Task description: Given the records below, the lines starting at the line with "RHAWN Pinacol 3-nitro-4-cyclopropylaminophenylboronic" and ending at the line with "Ammonite de Mahajanga" should be output exactly, both end lines kept and pictures left out.

Provided data:
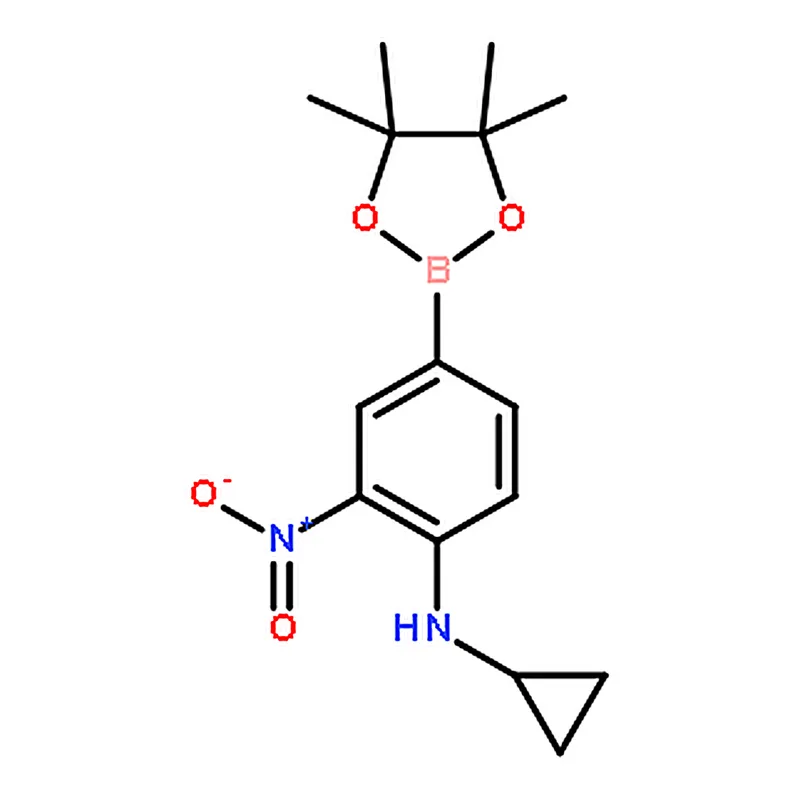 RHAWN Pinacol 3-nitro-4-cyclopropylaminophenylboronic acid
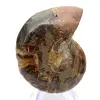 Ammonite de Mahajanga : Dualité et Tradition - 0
==
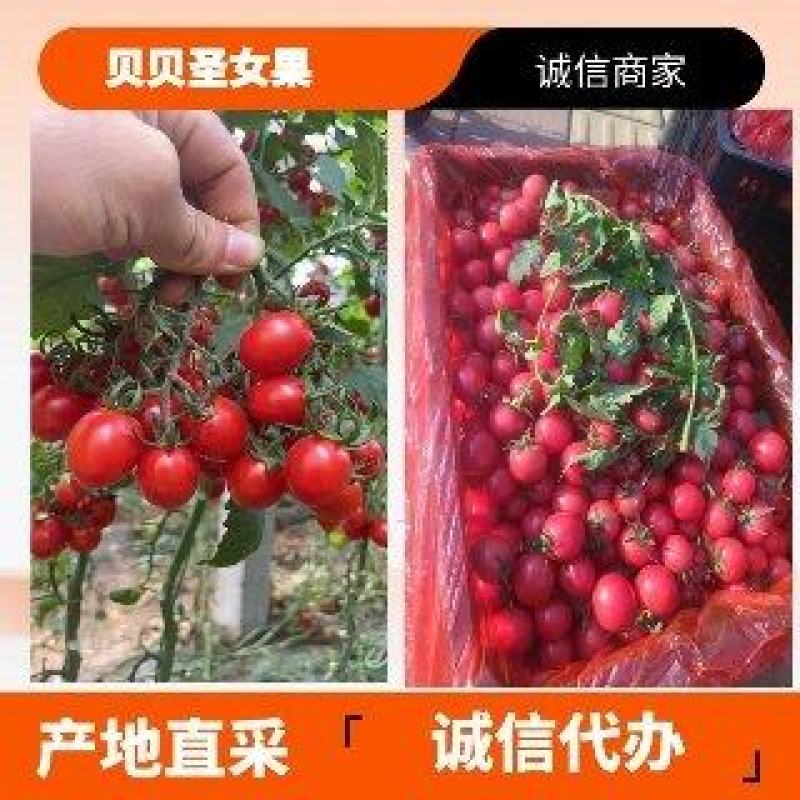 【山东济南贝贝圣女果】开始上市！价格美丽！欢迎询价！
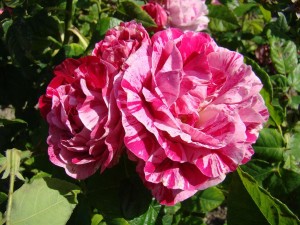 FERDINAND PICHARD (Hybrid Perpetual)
* * *
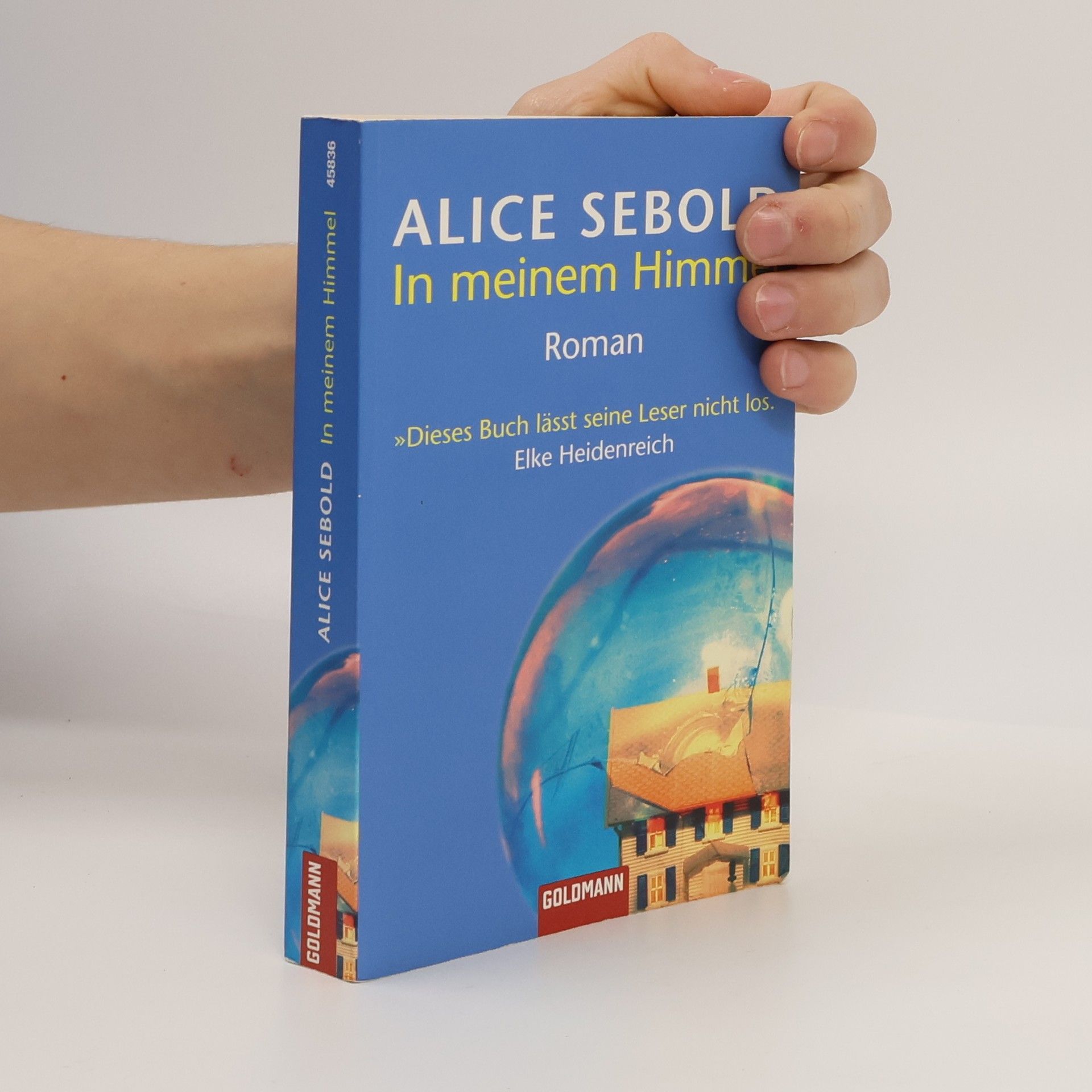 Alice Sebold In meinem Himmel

Response area:
 RHAWN Pinacol 3-nitro-4-cyclopropylaminophenylboronic acid
 Ammonite de Mahajanga : Dualité et Tradition - 0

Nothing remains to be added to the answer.